For the first time in decades the frontiers were secure, and the slow task of repairing the damage caused by invasions and internal warfare could begin. Diocletian may have been a soldier originally, but he was also a born administrator. He devoted his reign to a reorganization of the empire so that it would defend itself better against the barbarians, creating a discipline--and a regimentation--that would characterize Roman life for the rest of the Empire's history.

The first problem was an unruly army. The soldiers--particularly the Praetorian Guard--had gotten their way almost every time for nearly a century, and were inclined to assassinate the current emperor if they didn't. Moreover, the reestablished unity of the Empire was precarious, with wars likely to break out in more than one place at any time. The legions tended to lose battles when an emperor wasn't around to lead them, so the main army on each front expected to have an emperor nearby; if he wasn't handy, the soldiers would set up their commander as one. Diocletian decided that the simplest way to cope with this danger was to beat the soldiers to it. Because he had no son, he first tried the method used by the "five good emperors," and adopted a drinking buddy, a general named Maximian, as his heir. Although this was legal, it must look odd to the reader, because Maximian was only five years younger than his new stepfather. A year later, Diocletian tried a new arrangement by proclaiming Maximian his co-emperor; now Maximian would rule the western half of the Empire while Diocletian administered the eastern half. This worked better, but there were so many barbarian invasions to deal with over the next few years that Diocletian decided more emperors were needed. In 293 he created a system that would be called the "Tetrarchy"; two junior emperors were elevated (Galerius in the East, Constantius in the West) and given the title of "Caesar"; the two senior emperors got the title of "Augustus." Each of the younger men was required to marry a daughter of his patron; Constantius had to divorce his wife, Helena (the future St. Helena), to do this, though their son Constantine remained his heir.
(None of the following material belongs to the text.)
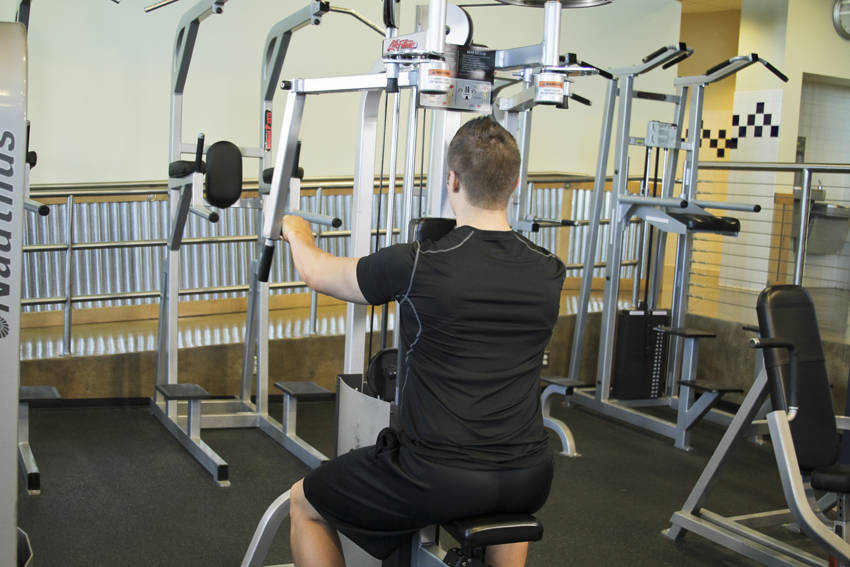 Reverse Machine Flyes — starting position, working the shoulders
The plan was that when an Augustus died a Caesar would move up to take his place, and a new Caesar would be chosen. This new system proved its merit quickly; Constantius fought on the Rhine and in 296 re-conquered Britain (which had been in revolt since 287), while Galerius fought on the Danube and led an expedition against Persia in 297. The Persian campaign ended triumphantly, giving Rome her most favorable Mesopotamian frontier to date.
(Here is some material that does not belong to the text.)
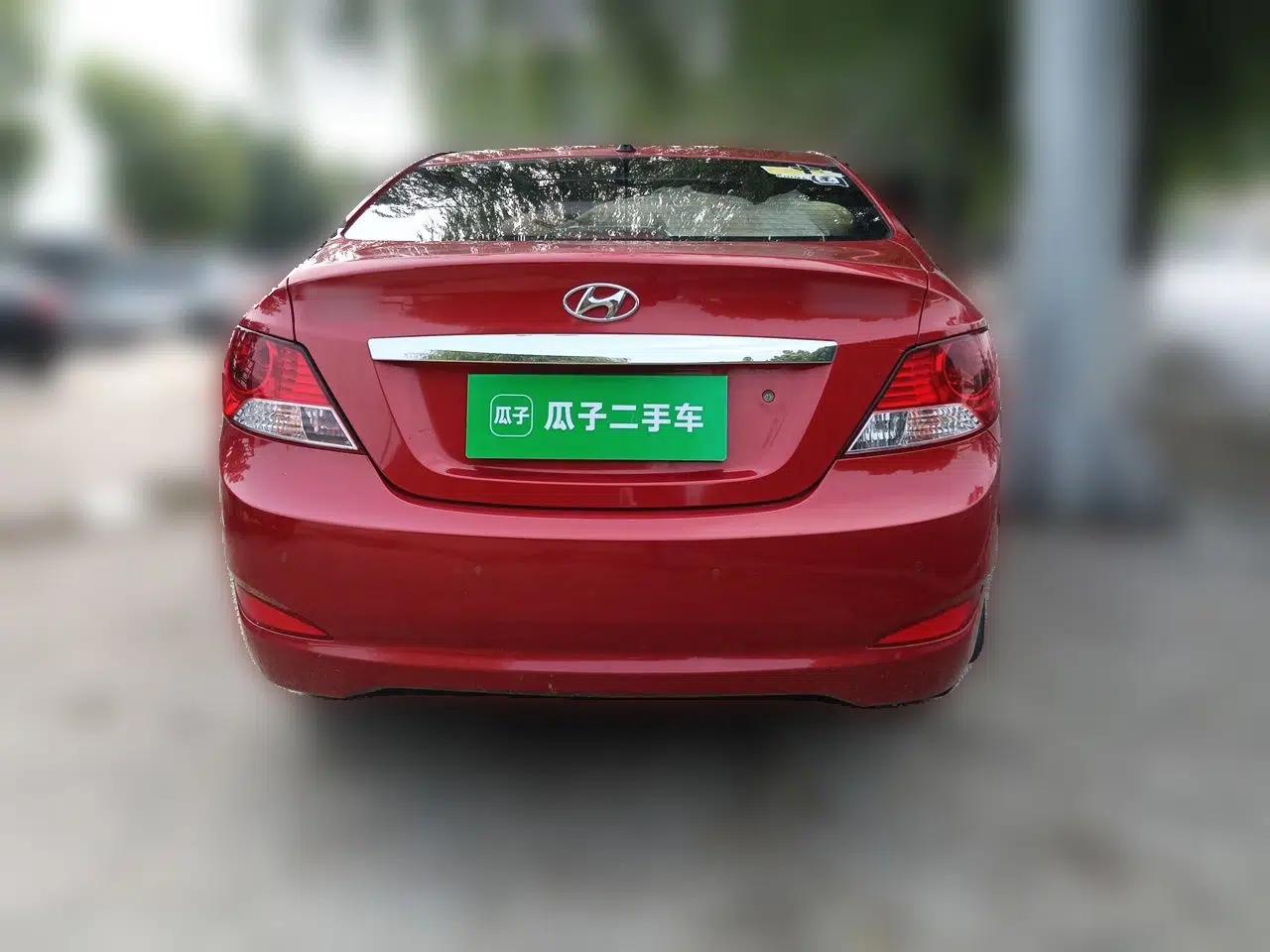 Hyundai Verna (older generation) 2010 Sedan 1.4L Manual Comfort GS — миниатюра 5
To increase the security of the emperor's person, Diocletian completed the trend toward autocracy, surrounding the emperor with enough pomp and splendor to make any usurper think twice before removing him. No longer even pretending to be the "first citizen" of a restored republic, Diocletian turned the emperor's position into an undisguised oriental despotism, called the "Dominate." Diocletian wore a crown, rather than the customary laurel wreath, and adorned himself in silk robes laden with jewels. Imperial etiquette transformed the emperor into a demigod; rigid ceremony demanded that people bow low before him, kiss the hem of his robe, and address him as dominus et deus, "lord and god." By contrast, the Senate was relegated to the status of a city council.
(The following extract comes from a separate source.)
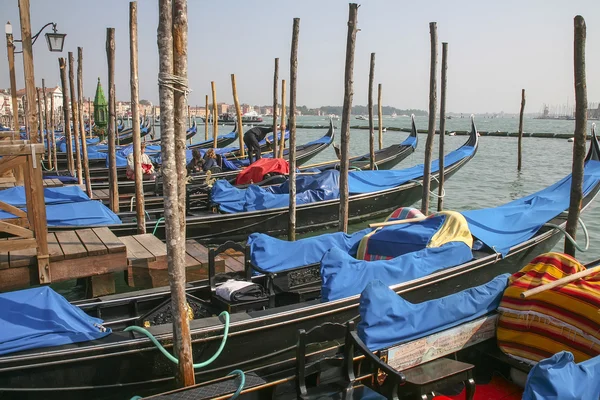 Традиційні гондоли у Венеції, Італія — стокове фото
Diocletian also changed the structure of the army to bring it up to date. Under the Severans and the Soldier Emperors it became impossible to move the legions around as in the old days, because now the typical legionary put down so many roots in his original campsite (a wife, a business on the side, etc.) that he couldn't give more than grudging service elsewhere. To get reinforcements for a threatened frontier, Diocletian took two cohorts from each legion in a quiet sector, rather than move the whole legion. At the same time new cavalry units were raised and stationed independently, to counter the cavalry of the enemy. As temporary detachments became permanent the old legion camps disappeared; in their place came a garrison army tied to fortifications, creating a two-part army. Each Augustus kept part of the garrison army in his capital, and the rest was split between three administrative centers close to the frontier: Trier in Gaul, Sirmium in the Balkans, and Antioch in Syria. In manpower the garrison army was probably about the size of the whole pre-crisis army; the mobile army of cavalry and infantry used another 100,000 men, showing the extra burden the army bore on the state in Diocletian's time.


Diocletian & Maximian

Diocletian and Maximian. Note that instead of togas and wreaths, they are wearing crowns and paramilitary costumes, and holding orbs--all symbols of medieval royalty. The quality of art was also declining; in this case the artist didn't even tell us which was Diocletian, and which was Maximian.


The other big problem was money. Diocletian issued a new currency and tried to prevent it from inflating out of sight by fixing the wage and price of everything sold in every marketplace throughout the Empire, with death as the penalty for charging more than what was decreed. The edict was incredibly detailed; it set prices for wheat, barley, wild pheasants, fattened pheasants, sparrows, dormice, peas, beer, underwear fashioned from hares' fur, parchment treated with saffron, and even haircuts and freight rates. In addition, maximum salaries were specified for every worker in the Empire. Despite this, there wasn't enough money in the Empire to pay the soldiers, and laws don't change economic facts. When the edict was posted, Lactanius tells us, "nothing appeared on the market because of fear, and prices soared much higher." Eventually Diocletian realized his edict was unenforceable, and let prices go unchecked. The new currency went the way of the old, and forty years later a peck of wheat price-fixed at 100 denarii was selling for 10,000 denarii.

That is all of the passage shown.